Overview
- Established: 25 November 1958; 66 years ago
- State: Senegal
- Leader: President (Bassirou Diomaye Faye)
- Website: www.sec.gouv.sn (in French)

= Government of Senegal =

The Government of Senegal (French: Gouvernement du Sénégal) is the union government created by the constitution of Senegal, consisting of the executive, parliament, and judiciary. The Seat of the Government is located in Dakar. The government is led by the president (currently Bassirou Diomaye Faye).

== Executive branch ==

The president is elected by popular vote for a five-year term. The Council of Ministers is appointed by the president. The 2001 constitution introduced a two-term limit for the president; a March 2016 referendum restored the presidential term to five years from seven.

== Legislative branch ==
The National Assembly (Assemblée Nationale) comprises 165 members elected for five-year terms by parallel voting.
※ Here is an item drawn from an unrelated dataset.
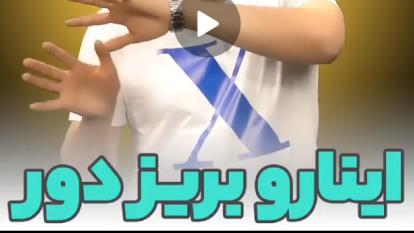 پوریا مظفریان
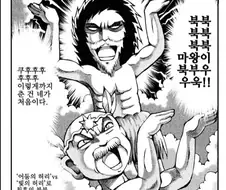 어떤 만화 속 억울한 마왕.jpg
Of these, 90 are elected by plurality vote in single and multi-seat constituencies across Senegal, with a further 15 elected from overseas voters. The remaining 60 elected through proportional representation. The Senate, an indirectly elected upper chamber, was abolished in 2012, leaving a unicameral system.

== Politics ==

Politics in Senegal takes place within the framework of a presidential democratic republic. The president is the head of state and government. Executive power in Senegal is concentrated in the president's hands.

== Judicial branch ==
The nation's highest courts that deal with business issues are the constitutional council and the Court of Cassation, members of which are named by the president.
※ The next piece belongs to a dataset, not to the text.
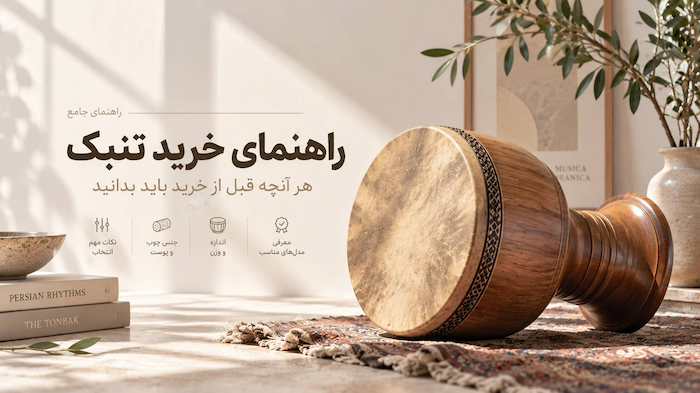 راهنمای خرید تنبک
== Administrative divisions ==

Senegal is subdivided into 13 regions (régions, singular – région):

Dakar, Diourbel, Fatick, Kaolack, Kédougou, Kolda, Louga, Matam, Saint-Louis, Sédhiou, Tambacounda, Thiès, Ziguinchor. Local administrators are all appointed by and responsible to the President.
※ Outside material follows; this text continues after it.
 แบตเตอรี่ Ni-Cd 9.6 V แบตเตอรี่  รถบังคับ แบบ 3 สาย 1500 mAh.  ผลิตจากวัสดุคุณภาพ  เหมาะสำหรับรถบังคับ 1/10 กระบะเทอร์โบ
== International relations ==

Senegal joined with the Gambia to form the nominal confederation of Senegambia in 1982. However, the envisaged integration of the two countries was never carried out, and the union was dissolved in 1989. Despite peace talks, a separatist group in the southern Casamance region has sporadically clashed with government forces since 1982. Senegal has a long history of participating in international peacekeeping.

Senegal is a member of ACCT, ACP, AfDB, ECA, ECOWAS, FAO, FZ, G-15, G-77, IAEA, IBRD, ICAO, ICCt, ICC, ICFTU, ICRM, IDA, IDB, IFAD, IFC, IFRCS, ILO, IMF, IMO, Inmarsat, Intelsat, Interpol, IOC, IOM, ITU, MIPONUH, NAM, OAU, OIC, OPCW, PCA, UN, UNCTAD, UNESCO, UNIDO, UNIKOM, UNMIBH, UNMIK, UNTAET, UPU, WADB, WAEMU, WCL, WCO, WFTU, WHO, WIPO, WMO, WToO, and WTrO.

Senegal has acted as a mediator between Sudan and Chad over the crisis in Darfur.